Шэй продолжал кричать, но мы сосредоточились на репортаже из камеры Кэллоуэя: малиновку завернули в футболку, малиновку уложили в левую кроссовку, малиновка порозовела, малиновка приоткрыла левый глазик на полсекунды.

Мы все уже забыли, каково это – дорожить чем-то настолько, Что утрата станет невыносимой. Первый год я представлял, что луна – это мое домашнее животное, которое раз в месяц навещает лично меня. А этим летом Крэш мазал вареньем вентиляционную решетку, надеясь развести колонию пчел, – впрочем, к животноводству эта затея имела куда меньшее отношение, чем к его нелепому желанию выдрессировать насекомых и заставить их жалить Джоуи во сне.

– Ковбои скачут. Прячьтесь, индейцы, – сказал Крэш.

Это был наш условный код, означающий приближение охраны. В следующий миг двери разъехались. Охранники стояли возле душевой, ожидая, пока Шэй просунет руки в наручники и его можно будет довести до камеры, хотя путь этот составлял не более двадцати футов.

– Они не знают, что это, – сказал Смит. – Обследование показало, что это точно не астма и не проблемы с легкими. Возможно, аллергия, но сейчас у нее в комнате вообще ничего не осталось. Понимаешь, Рик? Комната стоит пустая, как тюремная камера.

Иногда охранники переговаривались при нас, но никогда не обращались к заключенным напрямую, никогда не рассказывали нам о своей жизни. И это, в общем-то, к лучшему. Нам совершенно необязательно было знать, что у парня, который проводит нам досмотр с полным раздеванием, есть сын, забивший в четверг решающий гол на футбольном поле. Лучше уж напрочь забыть, что это тоже люди.

– Они сказали, – продолжал Смит, – что ее сердце уже не сможет переносить такой стресс. И мое, если честно, тоже. Ты даже не представляешь, как тяжело смотреть на собственного ребенка обвязанного всякими проводами и обложенного мешочками.

Второй охранник, Уитакер, был рьяным католиком и любил подкладывать на мой обеденный поднос рукописные библейские цитаты, в которых осуждался гомосексуализм.

– В воскресенье отец Уолтер помолился за Ханну. Он сказал, что с удовольствием сопроводит тебя в больницу.

– Мне неинтересно мнение священника, – пробормотал Смит. – Что же это за бог, который так поступает с невинным младенцем?

Шэй просунул запястья в окошко душевой, чтобы в следующий миг на них сомкнулись наручники. После этого дверь открыли.

– Начальник тюрьмы согласился со мной поговорить?

– Ага, – ответил Смит, ведя Шэя к камере. – Пригласил тебя чайку попить.

– Мне понадобится всего пять минут…

– Не у тебя одного тут проблемы! – гаркнул Смит. – Пиши заявление.

– Я не могу! – воскликнул Шэй.

Я прокашлялся.

– Офицер, а можно и мне один бланк, пожалуйста?
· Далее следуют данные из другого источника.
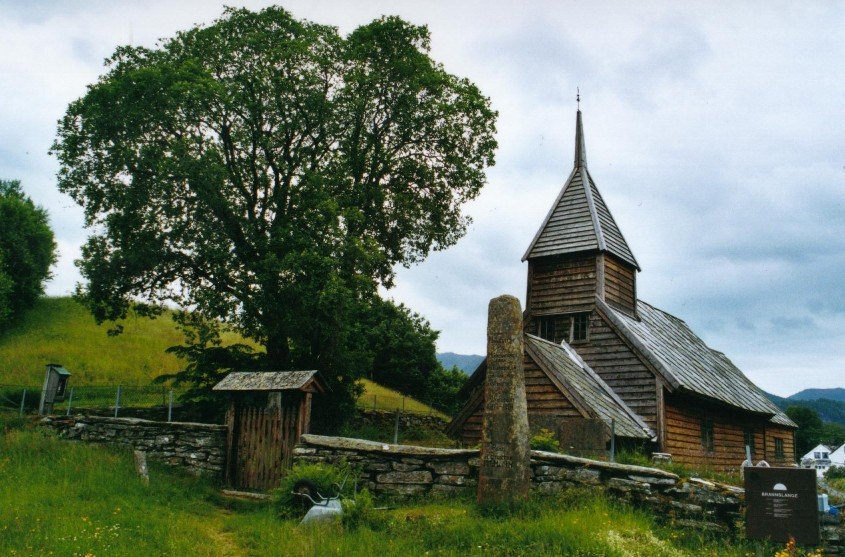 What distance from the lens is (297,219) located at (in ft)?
77.9

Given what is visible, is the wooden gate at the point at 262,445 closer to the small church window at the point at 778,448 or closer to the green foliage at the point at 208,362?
the green foliage at the point at 208,362

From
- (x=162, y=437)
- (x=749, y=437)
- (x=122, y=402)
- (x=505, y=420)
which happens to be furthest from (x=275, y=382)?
(x=749, y=437)

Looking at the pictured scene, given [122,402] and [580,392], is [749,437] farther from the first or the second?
[122,402]

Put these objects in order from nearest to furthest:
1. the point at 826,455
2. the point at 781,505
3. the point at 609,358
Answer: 1. the point at 781,505
2. the point at 609,358
3. the point at 826,455

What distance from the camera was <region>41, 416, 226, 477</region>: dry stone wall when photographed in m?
16.6

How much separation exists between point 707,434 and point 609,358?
4.63 metres

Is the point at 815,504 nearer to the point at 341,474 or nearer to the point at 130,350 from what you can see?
the point at 341,474

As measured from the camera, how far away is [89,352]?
36.6m

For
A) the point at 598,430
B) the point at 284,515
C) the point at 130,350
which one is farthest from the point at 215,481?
the point at 130,350

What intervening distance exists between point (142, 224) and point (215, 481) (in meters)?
11.5

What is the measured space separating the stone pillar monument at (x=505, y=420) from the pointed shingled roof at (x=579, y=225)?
11688mm

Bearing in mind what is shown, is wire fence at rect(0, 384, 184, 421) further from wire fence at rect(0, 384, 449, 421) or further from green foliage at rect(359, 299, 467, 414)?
green foliage at rect(359, 299, 467, 414)

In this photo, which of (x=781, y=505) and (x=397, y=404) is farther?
(x=397, y=404)

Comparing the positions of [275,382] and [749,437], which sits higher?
[275,382] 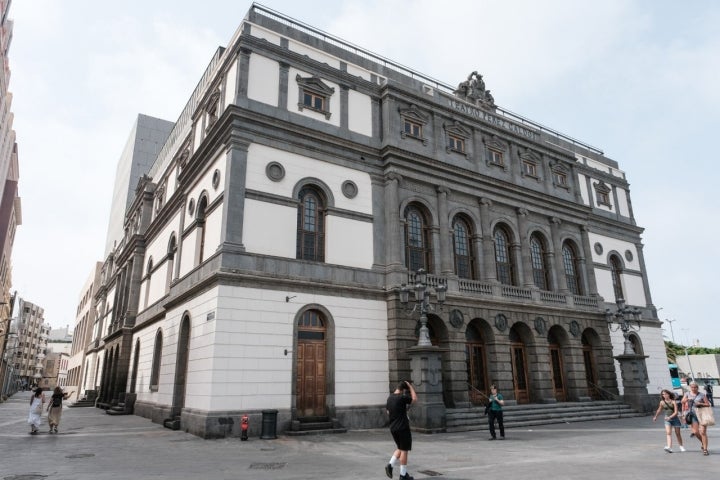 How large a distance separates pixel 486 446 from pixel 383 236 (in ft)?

Заперев Шэя, Смит вытащил бланк из кармана и просунул его в окошко моей камеры.



Как только офицеры покинули наш ярус, послышался тихий, робкий писк.

– Шэй? – окликнул я. – А почему ты не можешь заполнить этот бланк?

– У меня со словами беда.

– Уверен, начальник тюрьмы не обратит внимания на грамматические ошибки.
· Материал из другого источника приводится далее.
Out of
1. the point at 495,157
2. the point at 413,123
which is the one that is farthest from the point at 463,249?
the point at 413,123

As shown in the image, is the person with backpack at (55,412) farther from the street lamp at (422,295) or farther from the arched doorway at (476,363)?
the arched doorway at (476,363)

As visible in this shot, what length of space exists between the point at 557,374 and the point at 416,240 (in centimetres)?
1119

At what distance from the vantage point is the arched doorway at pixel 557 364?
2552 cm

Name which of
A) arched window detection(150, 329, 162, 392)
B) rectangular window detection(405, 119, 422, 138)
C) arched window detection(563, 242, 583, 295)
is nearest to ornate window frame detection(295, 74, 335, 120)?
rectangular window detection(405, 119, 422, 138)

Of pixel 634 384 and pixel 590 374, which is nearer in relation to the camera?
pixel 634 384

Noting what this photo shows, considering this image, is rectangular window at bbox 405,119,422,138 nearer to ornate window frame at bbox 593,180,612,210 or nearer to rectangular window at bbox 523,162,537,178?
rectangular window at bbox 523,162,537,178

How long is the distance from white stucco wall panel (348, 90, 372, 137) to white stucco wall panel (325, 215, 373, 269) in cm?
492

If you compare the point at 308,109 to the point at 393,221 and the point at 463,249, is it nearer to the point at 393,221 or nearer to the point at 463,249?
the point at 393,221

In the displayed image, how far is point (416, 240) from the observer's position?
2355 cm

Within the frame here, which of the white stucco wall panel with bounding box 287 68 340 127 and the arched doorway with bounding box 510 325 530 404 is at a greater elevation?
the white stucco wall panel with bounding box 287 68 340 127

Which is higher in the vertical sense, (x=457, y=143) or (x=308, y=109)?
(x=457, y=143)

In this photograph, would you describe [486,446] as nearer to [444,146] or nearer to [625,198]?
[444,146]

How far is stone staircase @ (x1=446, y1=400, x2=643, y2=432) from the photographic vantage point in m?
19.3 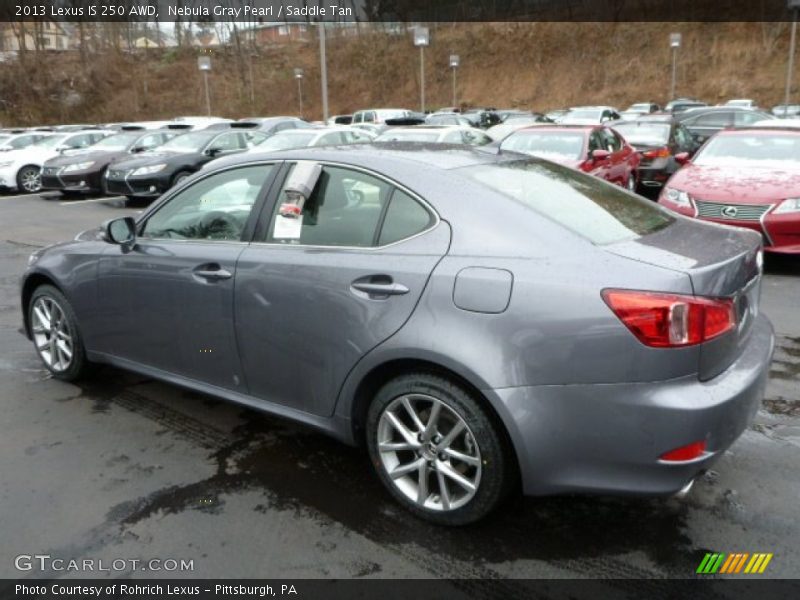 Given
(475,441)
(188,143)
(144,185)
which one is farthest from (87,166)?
(475,441)

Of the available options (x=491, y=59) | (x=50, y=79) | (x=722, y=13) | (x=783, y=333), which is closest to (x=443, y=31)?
(x=491, y=59)

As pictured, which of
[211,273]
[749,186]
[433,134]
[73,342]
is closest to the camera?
[211,273]

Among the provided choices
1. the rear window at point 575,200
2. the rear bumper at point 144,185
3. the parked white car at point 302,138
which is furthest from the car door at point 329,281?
the rear bumper at point 144,185

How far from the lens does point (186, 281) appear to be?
146 inches

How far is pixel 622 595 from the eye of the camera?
8.45 ft

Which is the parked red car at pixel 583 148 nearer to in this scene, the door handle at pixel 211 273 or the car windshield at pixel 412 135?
the car windshield at pixel 412 135

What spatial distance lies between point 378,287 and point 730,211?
5.75m

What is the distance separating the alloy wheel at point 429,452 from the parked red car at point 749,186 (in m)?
5.59

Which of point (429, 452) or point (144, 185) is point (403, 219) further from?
point (144, 185)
– Нет, не в том дело. Когда я начинаю писать слова, буквы путаются.

– Тогда скажи мне, и я напишу текст за тебя.

Последовала пауза.

– Ты и вправду сделаешь это для меня?

– Завязывайте уже с этой мелодрамой! – цыкнул Крэш. – Тошно слушать.
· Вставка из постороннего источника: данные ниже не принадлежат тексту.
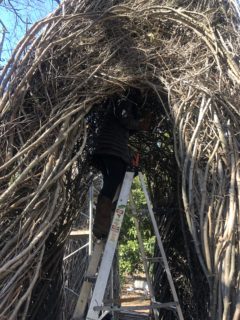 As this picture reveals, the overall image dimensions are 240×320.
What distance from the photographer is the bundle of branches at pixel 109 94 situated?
3.41 m

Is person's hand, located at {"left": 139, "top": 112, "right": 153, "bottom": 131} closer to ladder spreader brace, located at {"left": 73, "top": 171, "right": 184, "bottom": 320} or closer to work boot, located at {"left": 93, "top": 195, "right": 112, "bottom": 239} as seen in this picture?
ladder spreader brace, located at {"left": 73, "top": 171, "right": 184, "bottom": 320}

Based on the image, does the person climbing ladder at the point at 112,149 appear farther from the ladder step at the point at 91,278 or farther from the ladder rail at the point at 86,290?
the ladder step at the point at 91,278

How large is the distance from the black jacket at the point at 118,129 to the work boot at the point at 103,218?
0.45m

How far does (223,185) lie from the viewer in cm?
360

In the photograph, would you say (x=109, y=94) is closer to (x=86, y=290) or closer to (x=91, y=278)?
(x=91, y=278)

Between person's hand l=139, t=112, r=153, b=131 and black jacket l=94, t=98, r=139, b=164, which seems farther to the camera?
person's hand l=139, t=112, r=153, b=131

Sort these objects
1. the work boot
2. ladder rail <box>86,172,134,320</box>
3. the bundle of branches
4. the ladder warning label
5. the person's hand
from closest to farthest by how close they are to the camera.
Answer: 1. the bundle of branches
2. ladder rail <box>86,172,134,320</box>
3. the ladder warning label
4. the work boot
5. the person's hand

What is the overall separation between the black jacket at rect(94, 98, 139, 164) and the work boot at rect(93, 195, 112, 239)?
17.6 inches

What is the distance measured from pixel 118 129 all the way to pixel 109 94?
2.64 ft

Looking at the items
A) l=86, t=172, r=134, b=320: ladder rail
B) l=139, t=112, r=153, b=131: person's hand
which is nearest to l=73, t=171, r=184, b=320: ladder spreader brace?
l=86, t=172, r=134, b=320: ladder rail

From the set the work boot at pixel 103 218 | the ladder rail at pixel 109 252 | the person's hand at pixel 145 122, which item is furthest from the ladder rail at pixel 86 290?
the person's hand at pixel 145 122

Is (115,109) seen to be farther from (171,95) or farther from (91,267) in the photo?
(91,267)

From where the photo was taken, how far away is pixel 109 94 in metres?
4.27

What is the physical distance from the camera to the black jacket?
486cm
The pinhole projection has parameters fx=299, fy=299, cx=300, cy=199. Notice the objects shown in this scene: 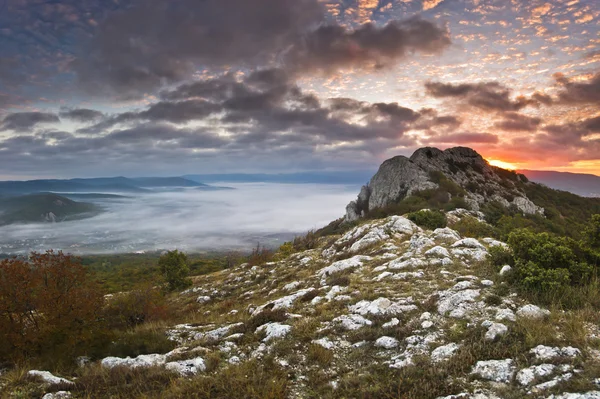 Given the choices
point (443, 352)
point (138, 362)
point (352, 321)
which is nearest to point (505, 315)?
point (443, 352)

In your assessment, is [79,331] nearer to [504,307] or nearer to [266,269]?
[504,307]

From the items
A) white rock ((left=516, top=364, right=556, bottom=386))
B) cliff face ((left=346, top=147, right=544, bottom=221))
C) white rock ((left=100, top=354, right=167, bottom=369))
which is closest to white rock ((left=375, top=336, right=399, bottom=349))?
white rock ((left=516, top=364, right=556, bottom=386))

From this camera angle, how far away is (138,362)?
966 centimetres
– Скажи начальнику тюрьмы, – начал диктовать Шэй, – что я хочу пожертвовать свое сердце после смерти. Хочу отдать его девочке, которой оно нужнее, чем мне.

Я приложил бланк к стене и, заполнив все поля карандашом, подписался фамилией Шэя. Привязал бумажку к своему отрезу лески и просунул ее в узкий проем под дверью его камеры.

– Отдай это офицеру, который будет делать обход завтра утром.

– Знаешь, Борн, – задумался Крэш, – не пойму я, что ты за человек. С одной стороны, ты говнюк, убивший маленького ребенка. За это ты заслуживаешь того, чтобы в следующей жизни родиться грибком на ногах Джоуи. С другой стороны, ты завалил копа, и я, например, благодарен, что в мире одной свиньей стало меньше. Как же прикажешь к тебе относиться? Ненавидеть тебя или уважать?

– Ни то, ни другое, – ответил Шэй. – И то, и другое.

– Знаешь, что я думаю? Убийство ребенка перекрывает все хорошее, что ты сделал. – Крэш встал, подошел к передней стенке камеры и начал колотить металлической кофейной кружкой по плексигласу. – Выкинуть его! Выкинуть! Выкинуть его!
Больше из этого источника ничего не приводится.